Thread: [Python-markdown-discuss] Limitations of inlinePatterns

Brought to you by: qaramazov, waylanhl

python-markdown-discuss

[Python-markdown-discuss] Limitations of inlinePatterns

From: Waylan L. <wa...@gm...> - 2008-02-18 23:58:56

We have a few bugs in our tracker that highlight a limitation of the
inlinePatterns. I'd like some feedback about which behavior is
preferred or if we should look for a different way of doing things.

Currently, it's only possible for one of the following to work in
python-markdown:

    A bold [**link**](http://example.com) currently works fine.

    A **bold [link](http://example.com)**  currently does not work.

For those that care, here's why:

Markdown parses the first line and finds the link.
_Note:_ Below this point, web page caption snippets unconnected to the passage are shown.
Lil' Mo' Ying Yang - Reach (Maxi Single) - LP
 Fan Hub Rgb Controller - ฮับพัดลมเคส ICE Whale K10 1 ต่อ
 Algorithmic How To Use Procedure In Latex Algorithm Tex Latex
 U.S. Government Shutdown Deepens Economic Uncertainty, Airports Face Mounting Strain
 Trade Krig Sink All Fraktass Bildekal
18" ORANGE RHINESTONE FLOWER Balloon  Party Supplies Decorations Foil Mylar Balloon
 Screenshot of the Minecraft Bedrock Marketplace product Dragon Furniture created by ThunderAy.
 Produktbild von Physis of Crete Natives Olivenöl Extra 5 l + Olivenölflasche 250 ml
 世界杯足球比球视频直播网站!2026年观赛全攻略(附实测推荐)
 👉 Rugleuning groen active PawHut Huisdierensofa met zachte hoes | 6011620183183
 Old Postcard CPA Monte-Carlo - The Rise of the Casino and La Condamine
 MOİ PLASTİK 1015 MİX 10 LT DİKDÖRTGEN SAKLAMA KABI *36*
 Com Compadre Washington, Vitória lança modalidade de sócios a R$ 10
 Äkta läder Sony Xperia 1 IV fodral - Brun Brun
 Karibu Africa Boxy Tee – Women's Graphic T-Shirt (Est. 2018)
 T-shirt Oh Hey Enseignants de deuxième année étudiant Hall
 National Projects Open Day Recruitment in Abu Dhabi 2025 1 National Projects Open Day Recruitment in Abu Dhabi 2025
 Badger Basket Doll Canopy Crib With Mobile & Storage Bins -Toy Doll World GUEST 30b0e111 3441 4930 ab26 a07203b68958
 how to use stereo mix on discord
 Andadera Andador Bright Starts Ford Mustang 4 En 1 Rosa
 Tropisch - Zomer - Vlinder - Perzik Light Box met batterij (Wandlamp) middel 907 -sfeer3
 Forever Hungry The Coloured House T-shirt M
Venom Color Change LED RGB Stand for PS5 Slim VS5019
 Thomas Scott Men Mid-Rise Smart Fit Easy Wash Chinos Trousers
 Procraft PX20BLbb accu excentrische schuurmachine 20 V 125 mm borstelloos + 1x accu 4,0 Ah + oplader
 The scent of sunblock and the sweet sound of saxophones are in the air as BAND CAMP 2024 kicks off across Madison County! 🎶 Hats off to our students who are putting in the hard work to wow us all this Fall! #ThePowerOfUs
The label
`**link**` is then run through all remaining inlinePatterns and
properly identified as bold text.

The second line is parsed and, as the link pattern is run first, the
link is found and a link element is created. That line of text is now
represented as the following list in python:

    ["A **bold ", <markdown.element>, "** currently does not work.\n"]

Any remaining patterns are then run against each string in that list.
The problem should be obvious by now. The opening and closing `**` are
in separate strings split by the link element, so no match is made.
Finally, the list is looped through and any remaining strings are
converted to textnodes and the entire thing is added to the dom inside
a paragraph element.

The easy solution is to reverse the order of the inlinePatterns. But
then we can't do the first example as the link syntax is broken up in
the same way. Now, if no one ever uses that syntax, that would be
fine. Of course, both should work, so we may need a new approach to
the inlinePatterns. Any ideas?

-- 
----
Waylan Limberg
wa...@gm...

Re: [Python-markdown-discuss] Limitations of inlinePatterns

From: Yuri T. <qar...@gm...> - 2008-02-19 08:07:20

>  The easy solution is to reverse the order of the inlinePatterns. But
>  then we can't do the first example as the link syntax is broken up in
>  the same way. Now, if no one ever uses that syntax, that would be
>  fine. Of course, both should work, so we may need a new approach to
>  the inlinePatterns. Any ideas?


I've thought about this issue before and I think there are basically
two solutions (apart from the zeroth solution of just dealing with
it).  One, somewhat tricky, would be implement some kind of data
structure contains a mixture of strings and dom nodes and works with
RE.  It's not impossible, and I got half-way there implementing it in
2006, but then didn't have time to finish.  What I tried at the time
was storing a sting which uses a special Unicode character to mark the
positions where the nodes are supposed to be included.  I.e., if "⊙"
is the special character, we could store something like:

    ["A **⊙**  currently does not work.", <link>]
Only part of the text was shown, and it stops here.